Pada saat itu, Ghufron bahkan disebut secara proaktif berkomunikasi dan meminta secara langsung kepada Sekretaris Jenderal Kementan kala itu, Kasdi Subagyono, untuk menerima permintaan mutasi saudaranya tersebut, yang sebelumnya sempat ditolak. Kedua, akibat dari perbuatan Ghufron tidak hanya semakin merusak citra KPK, melainkan juga berdampak terhadap upaya pemberantasan korupsi, kolusi, dan juga nepotisme.

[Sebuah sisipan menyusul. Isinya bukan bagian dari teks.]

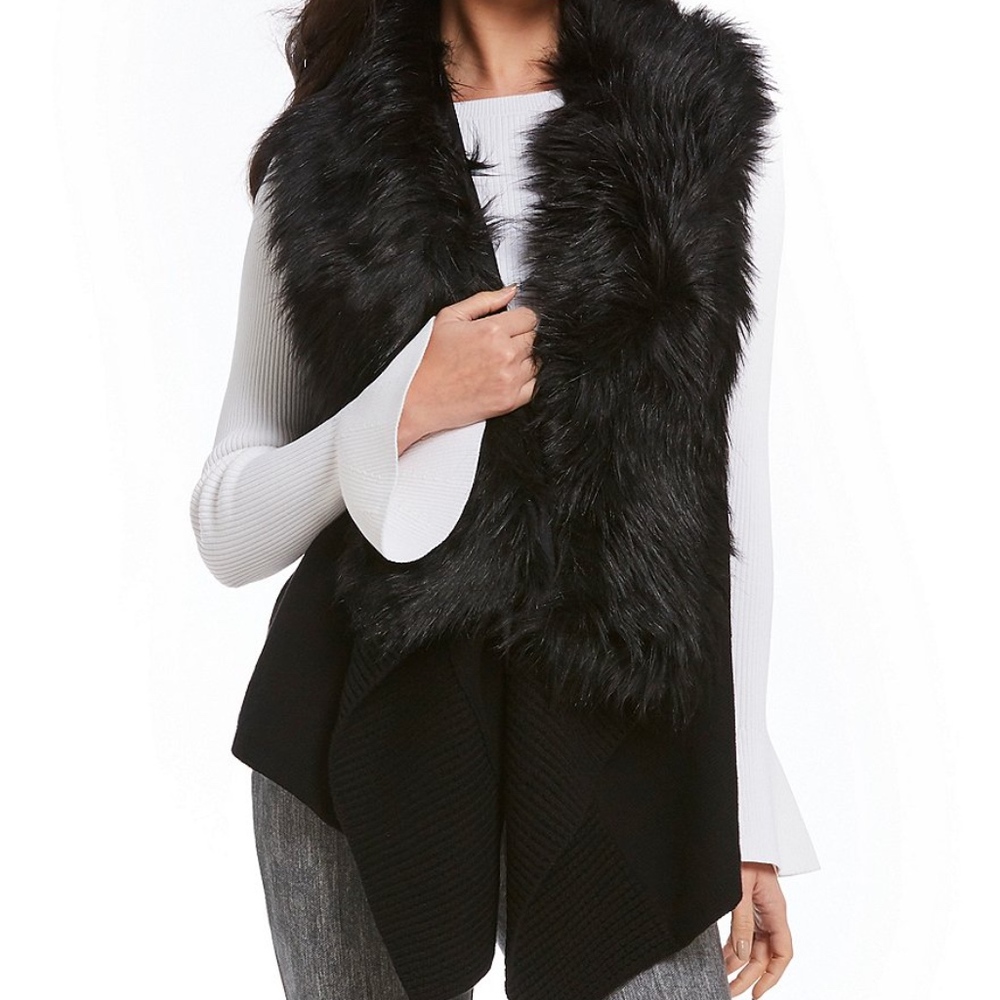 NWT Michael Kors Black Faux Fur Trim Sweater Vest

Pada poin ini, ICW tidak sependapat dengan alasan Dewas tidak menjatuhkan sanksi berat kepada Ghufron, di mana perbuatan Ghufron dipandang hanya sekedar merugikan instansi, bukan negara.
Bisa dibayangkan, jika seorang pimpinan KPK tidak bisa memberikan contoh untuk menolak perbuatan-perbuatan yang mengarah kepada korupsi, kolusi, dan nepotisme, maka besar kemungkinan di masa mendatang, tindakan Ghufron yang “cawe-cawe” atas keputusan yang menguntungkan dirinya atau keluarganya, akan dinormalisasi oleh pejabat negara lainnya.

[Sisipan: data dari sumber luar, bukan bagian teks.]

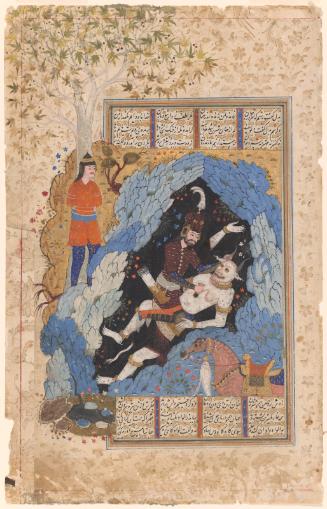 The hero Rustam kills the White Demon, from a manuscript of the Shahnama (Book of Kings)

Ketiga, Ghufron tidak kooperatif selama proses pemeriksaan etik berlangsung. Sikap ini ditunjukkan ketika Ghufron pernah mangkir dari proses sidang. Tidak hanya itu, lebih parahnya, dengan tujuan melakukan pembelaan diri, Ghufron bahkan melakukan sejumlah upaya hukum, mulai dari melaporkan Dewas kepada Polda Metro Jaya atas dugaan pencemaran nama baik, menggugat Dewas ke Pengadilan Tata Usaha Negara (PTUN), sampai mengajukan proses uji materi terhadap Peraturan Dewas mengenai kode etik dan kode perilaku ke Mahkamah Agung. Sederhananya, berbagai manuver Ghufron terlalu mengada-ngada dan amat mudah dipatahkan.

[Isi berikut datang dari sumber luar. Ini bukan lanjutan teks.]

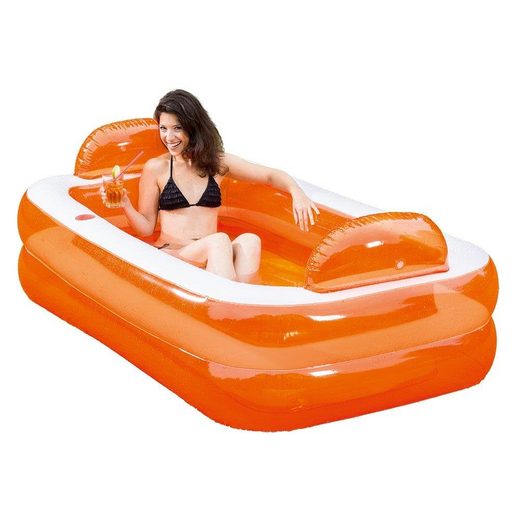 Happy People Pool »Relax und Genießer Pool orange« (1-tlg), rechteckig, 195 x 122 x 50 cm, mit 2 Getränkehaltern, für bis zu 2 Personen geeignet, Badespaß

Meskipun dapat dipahami bahwa upaya-upaya hukum tersebut pada dasarnya merupakan hak Ghufron untuk melakukan pembelaan, akan tetapi, sebagai seorang penegak hukum, terlebih Wakil Ketua KPK, mestinya ia berani melakukan perlawanan dengan membuktikan bahwa tuduhan melanggar etik tidak benar dalam persidangan etik. Namun, ia justru makin membuat gaduh dan kian merusak citra lembaga antirasuah itu di mata masyarakat. Dalam kondisi itu, masyarakat tentu akan berpikir bahwa KPK hanya sibuk mengurus problem integritas komisionernya ketimbang melakukan penegakan hukum pemberantasan korupsi.
Maka dari itu, atas uraian di atas, ada beberapa poin yang penting untuk didesak, diantaranya:
- Nurul Ghufron harus segera mengundurkan diri dari jabatannya sebagai Komisioner KPK. Secara legal formal, perbuatan ini dimungkinkan sebagaimana diatur dalam Pasal 32 ayat (1) Undang-Undang Nomor 19 Tahun 2019. Selain itu, TAP MPR Nomor VI Tahun 2001 tentang Etika Kehidupan Berbangsa juga sudah meminta para pejabat dengan sikap tercela untuk segera menanggalkan jabatannya. Lagipun, dengan kondisi saat ini, di mana keterpurukan KPK semakin kental, keberadaan pimpinan yang cacat etik sebenarnya tidak lagi diperlukan.
- Dewan Pengawas harus mengirimkan salinan putusan etik Nurul Ghufron kepada Panitia Seleksi (Pansel) Komisioner KPK. Hal ini penting agar Dewan Pengawas tidak hanya memendam persoalan Ghufron sebagai problem internal, akan tetapi juga mesti dikaitkan dengan kontestasi pemilihan Komisioner KPK yang sedang berlangsung. Bila sudah dikirimkan, maka tidak ada pilihan lain, Pansel harus mencoret Ghufron karena secara etik, ia tergolong bermasalah.